The former Italian prime minister Matteo Renzi described the conference as “a resounding flop”, adding that credibility in foreign policy was a serious matter.

The Italians were, however, able to point to the attendance of the UN secretary general, António Guterres, the EU’s foreign policy chief, Federica Mogherini, Egypt’s president, Abdel Fatah al-Sisi, and the Russian prime minister, Dmitry Medvedev.

Conte offered to add an extra session focused on Libyan security outside the formal summit in an attempt to assuage Haftar’s objections to a conference that he claimed was overrepresented by Islamists and western politicians. Sisi’s presence may have persuaded him to attend.

The UN, on the sidelines of the two-day summit, was due to set out a plan for elections to be held in the country by next summer, following a national reconciliation conference.

A tussle for influence in Libya between France and Italy overhangs the summit. A French-Libyan summit held in Paris in May – to the annoyance of the Italians – set the date for the elections as 10 December, but that timetable has slipped.

The UN special envoy for Libya, Ghassan Salamé, speaking on the fringes of the summit, said the vote would now be held between late March and late June, but the format would depend on what was decided at the national conference scheduled for early next year.

We want to ask at the national conference: what type of election do you want, parliamentary or presidential, and what kind of law,” he said.

Salamé said the national conference should “preferably” take place on Libyan soil, adding that surveys had shown 80% of Libyans wanted elections to end the stalemate between the country’s rival administrations, both of which have been backed by armed groups.

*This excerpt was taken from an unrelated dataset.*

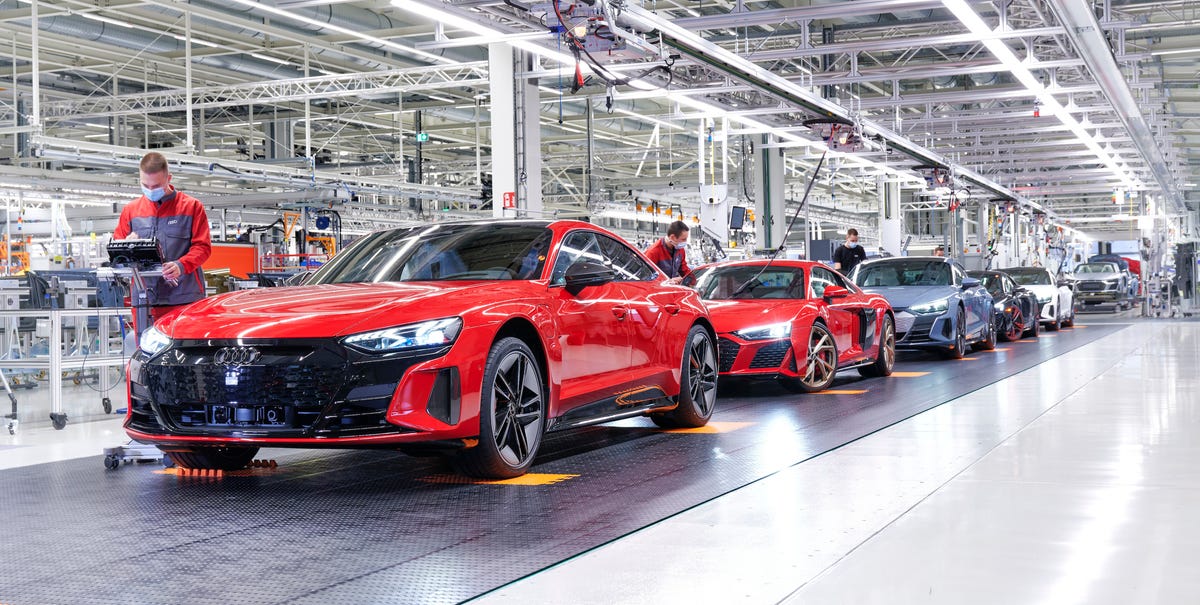 Inside the 2022 Audi e-tron GT's Design Process - NewsOpener Inside the 2022 Audi e-tron GT's Design Process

Leaders of the internationally recognised house of representatives, politically close to Haftar, called for the dismissal of the envoy after he criticised its members for being “time wasting”, “sterile” and wanting elections to be “resisted at all costs”.

Salamé showed no signs of backing down, insisting the Palermo conference needed to put pressure on the house for persistently refusing to approve a new election law, and generally obstructing progress.

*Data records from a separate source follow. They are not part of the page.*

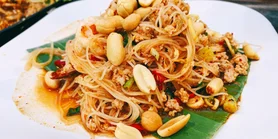 Салат з локшиною з курячим сатаєм: рецепт ситного обіду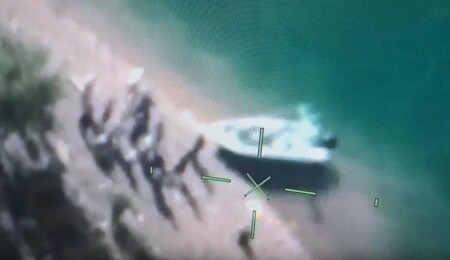 Adana'da orman yangınına müdahale eden helikopter düştü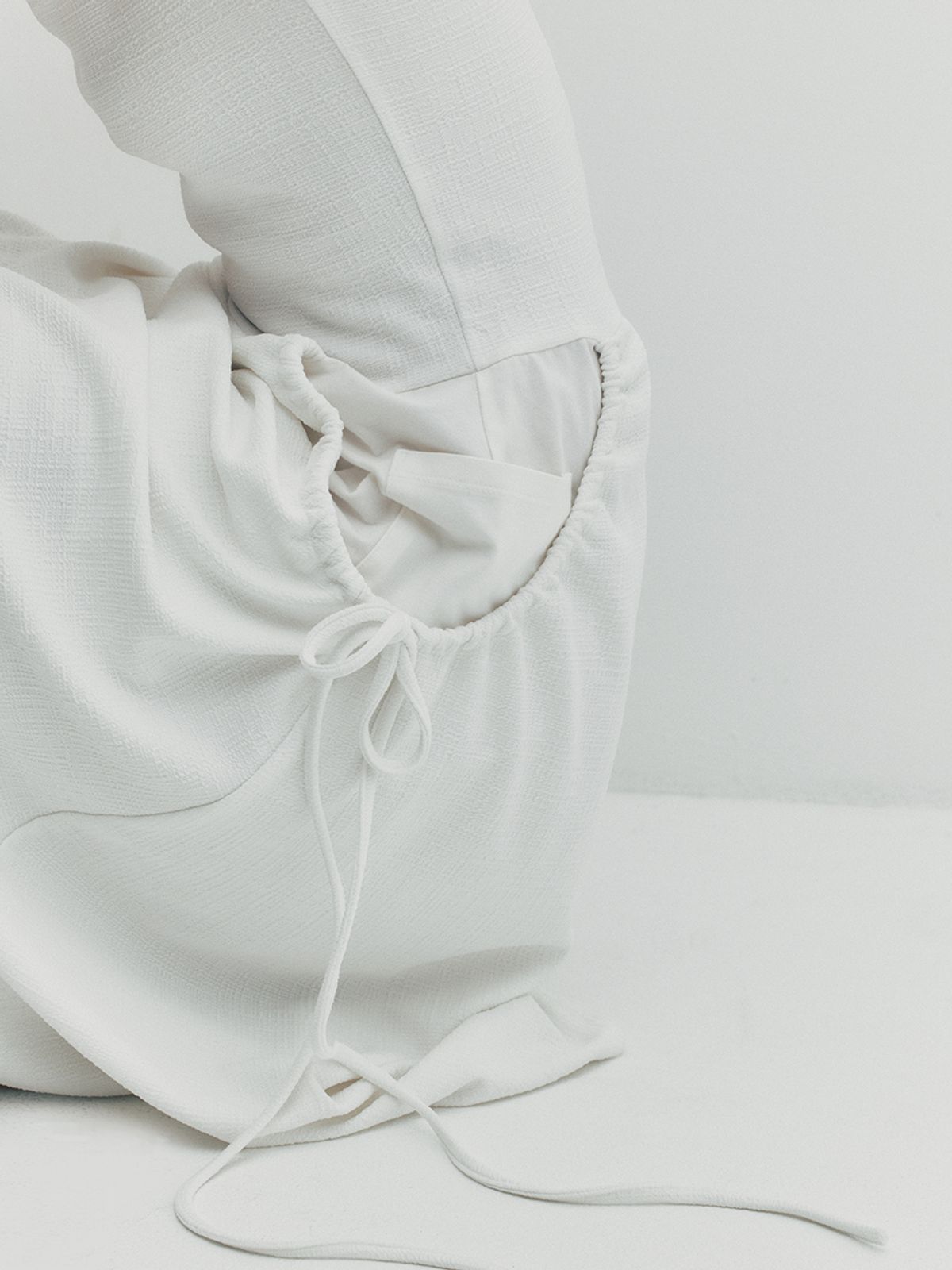 민더리(MEENDERI) SHIRRING POCKET MAXI DRESS - WHITE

He has been supported by his deputy, Stephanie Williams, an American whose appointment signals a reignited US interest in Libya.

Monday was devoted to technical meetings on economics, sectarian and security issues, among the main Libyan institutions and representatives of the foreign powers, the International Monetary Fund and the World Bank.

The UN has been trying to engineer a merger of the two rival central banks, starting with a financial audit of both, as well as measures to reduce corruption and the black market, and edge towards a unified security sector.

Mustafa Sanallah, the chairman of the Libyan National Oil Corporation, said: “Economic transparency was the way to guarantee the fair distribution of oil revenues and bring an end to the feelings of economic injustice that have fragmented Libya.”

He also called for those responsible for disrupting oil production or distribution to be identified and debarred from public office.


Lorenzo Tondo is a Guardian correspondent covering Italy and the migration crisis.